Start with the archetype
Boutique consultancy, agency, SaaS vendor, freelancer, and staff-augmentation shops carry different risk profiles. Pricing patterns, IP defaults, and reference-call expectations all shift by archetype. The first move in any vendor evaluation is to name the archetype and adapt your due-diligence checklist accordingly.
Always demand a working example
Slides are not proof. The single fastest way to surface a risk is to ask for a live demo of an existing client deployment - not a generic sandbox. If the vendor cannot show the product running for someone else, the engagement is research-and-development funded by you.

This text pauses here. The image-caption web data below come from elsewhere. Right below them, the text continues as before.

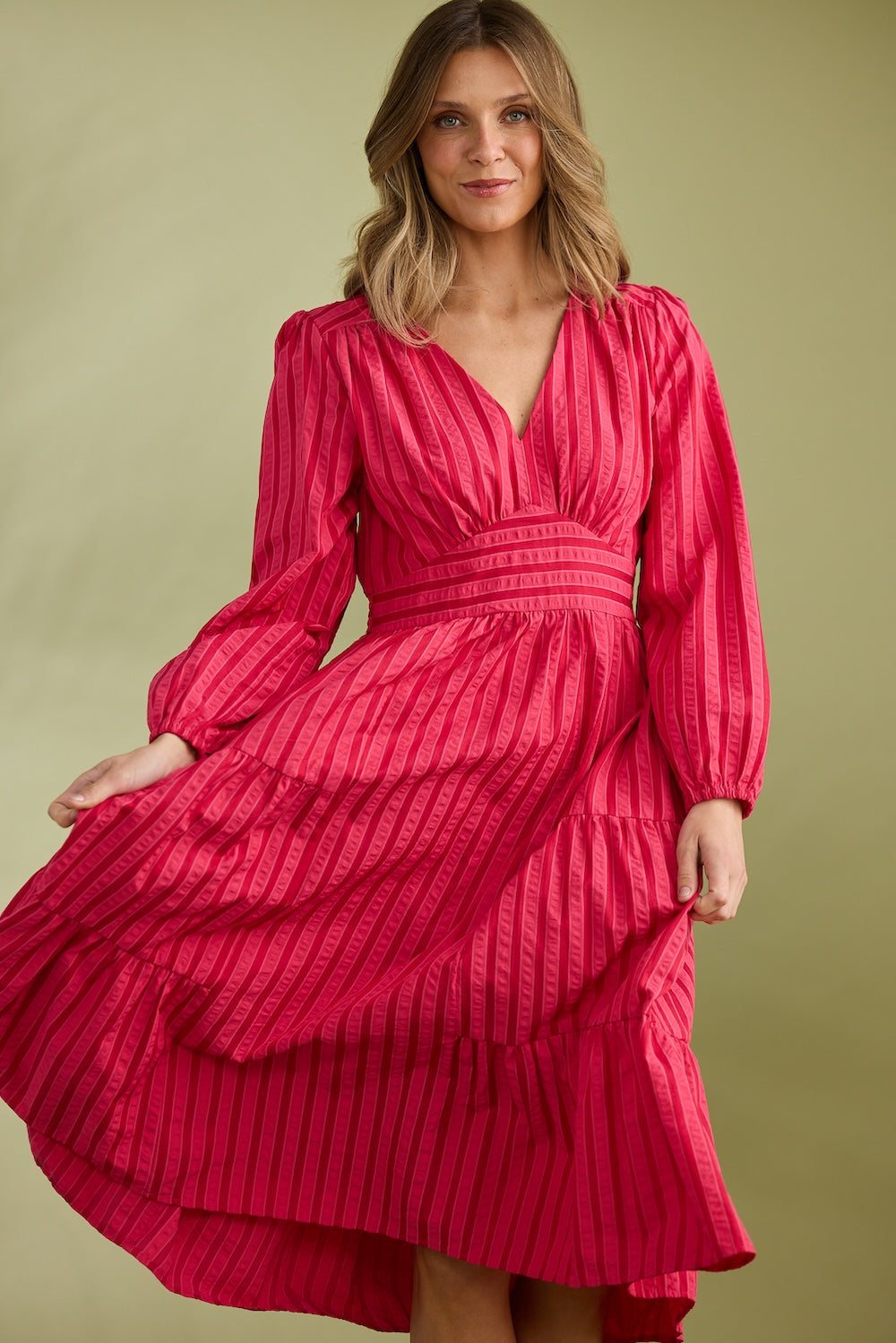 Holiday Cove Dress in Hibiscus Stripe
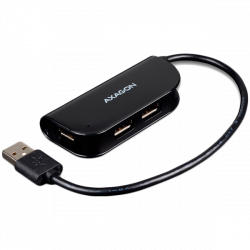 USB Хъб Handy four-port USB 2.0 hub with a permanently connected USB cable. Black.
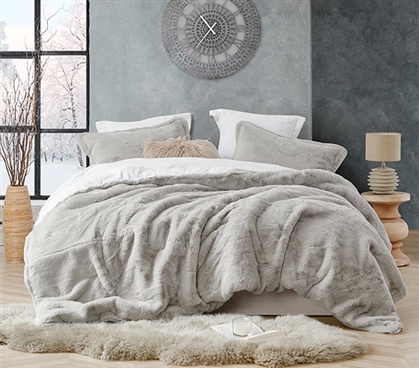 Thick Plush Twin Extra Long Comforter Set Chunky Bunny Coma Inducer Faux Fur Dorm Bedding Essentials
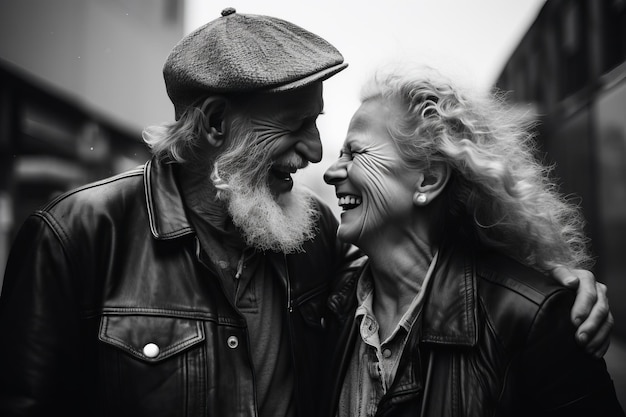 Foto frozen moments of joy candid grayscale photography capturing laughter tussen een man en een vrouw ar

Pin down the underlying model
Vague language about "our AI" is a red flag. A credible vendor will name the specific foundation model (GPT-4o, Claude Sonnet, Gemini) or declare a multi-frontier strategy with a switching policy. Anything less leaves you with an unauditable cost and an unauditable failure mode.
Itemise ongoing costs
Per-token pricing without monthly caps and quarterly reviews is the most expensive trap procurement teams walk into in 2026. The buyer has no leverage once usage scales. Negotiate the cap, the review cadence, and the 30-day notice clause before signing.
Reference call template
Three or more named reference customers with introductions is the gold standard. Two named is acceptable for sub-$50K engagements. Anonymised case studies and LinkedIn-only profiles are not references. The 12-question reference-call template ships in your scorecard PDF.
When to walk away
Three or more red flags AND vendor refuses to amend the contract. Cannot name a single client willing to take a 30-min reference call. IP terms remain unclear after written follow-up. Token-cost pass-through with no monthly cap and no quarterly review.